── Provided records

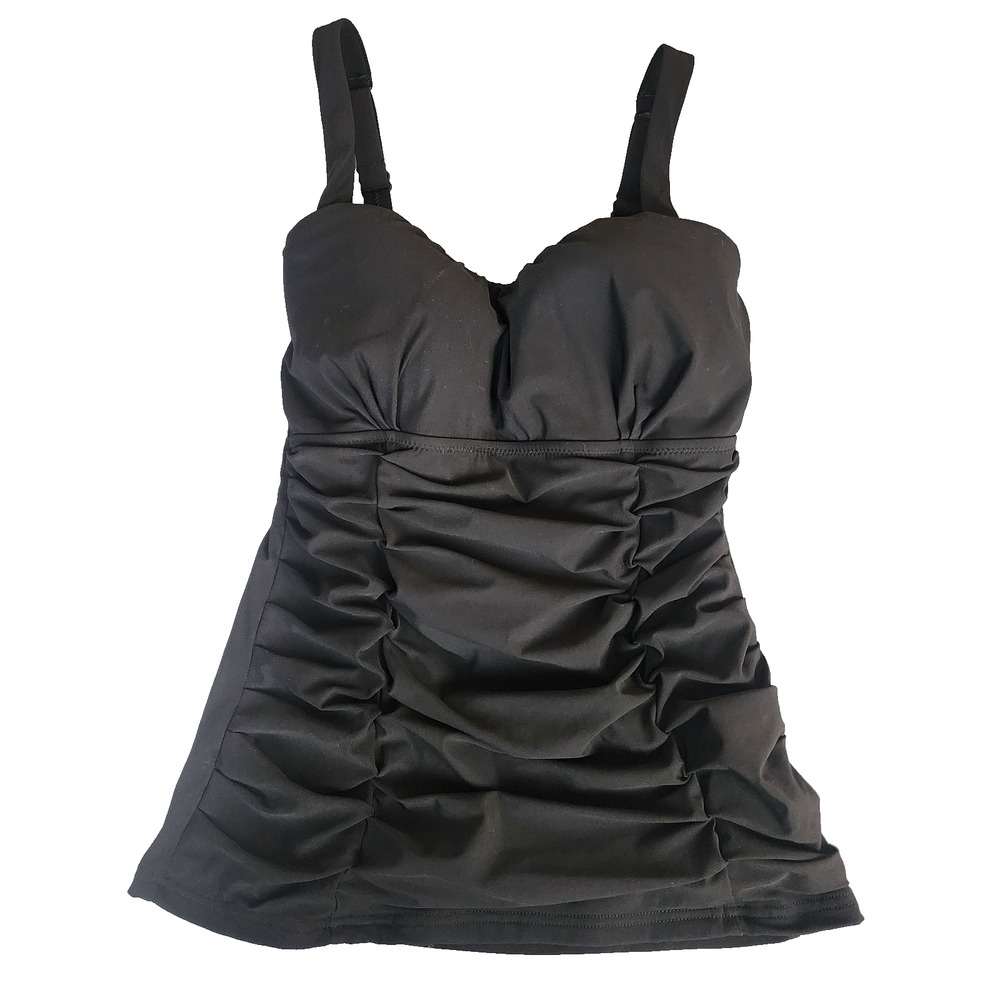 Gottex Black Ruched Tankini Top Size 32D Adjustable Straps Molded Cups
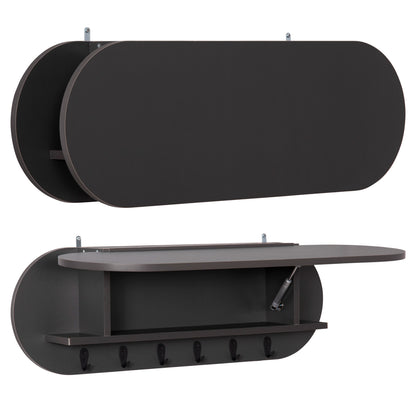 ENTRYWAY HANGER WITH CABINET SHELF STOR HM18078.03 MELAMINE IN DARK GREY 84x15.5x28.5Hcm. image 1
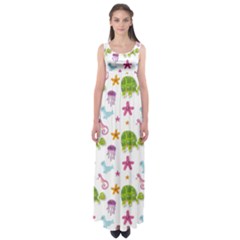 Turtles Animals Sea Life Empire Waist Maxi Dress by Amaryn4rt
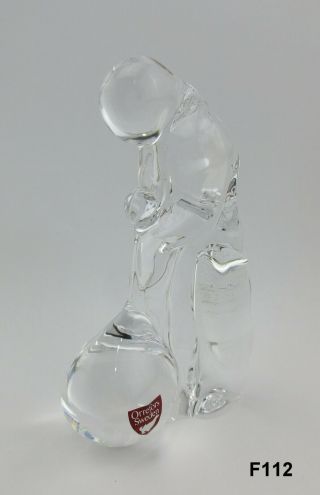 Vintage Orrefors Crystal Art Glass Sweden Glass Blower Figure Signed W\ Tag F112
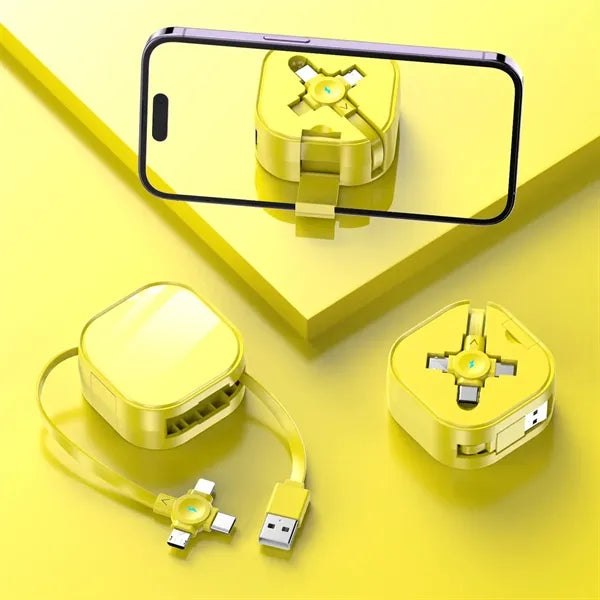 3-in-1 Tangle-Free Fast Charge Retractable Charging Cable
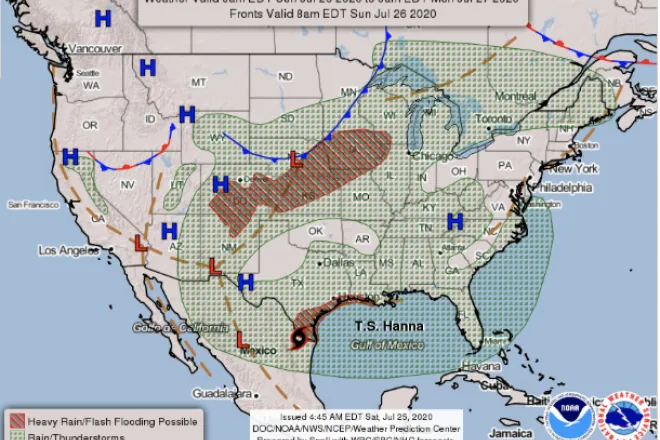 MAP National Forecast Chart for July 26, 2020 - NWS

────

**Exercise aim**
Print each entry exactly, leaving pictures out.

**Answer space**
 Gottex Black Ruched Tankini Top Size 32D Adjustable Straps Molded Cups
 ENTRYWAY HANGER WITH CABINET SHELF STOR HM18078.03 MELAMINE IN DARK GREY 84x15.5x28.5Hcm. image 1
 Turtles Animals Sea Life Empire Waist Maxi Dress by Amaryn4rt
 Vintage Orrefors Crystal Art Glass Sweden Glass Blower Figure Signed W\ Tag F112
 3-in-1 Tangle-Free Fast Charge Retractable Charging Cable
 MAP National Forecast Chart for July 26, 2020 - NWS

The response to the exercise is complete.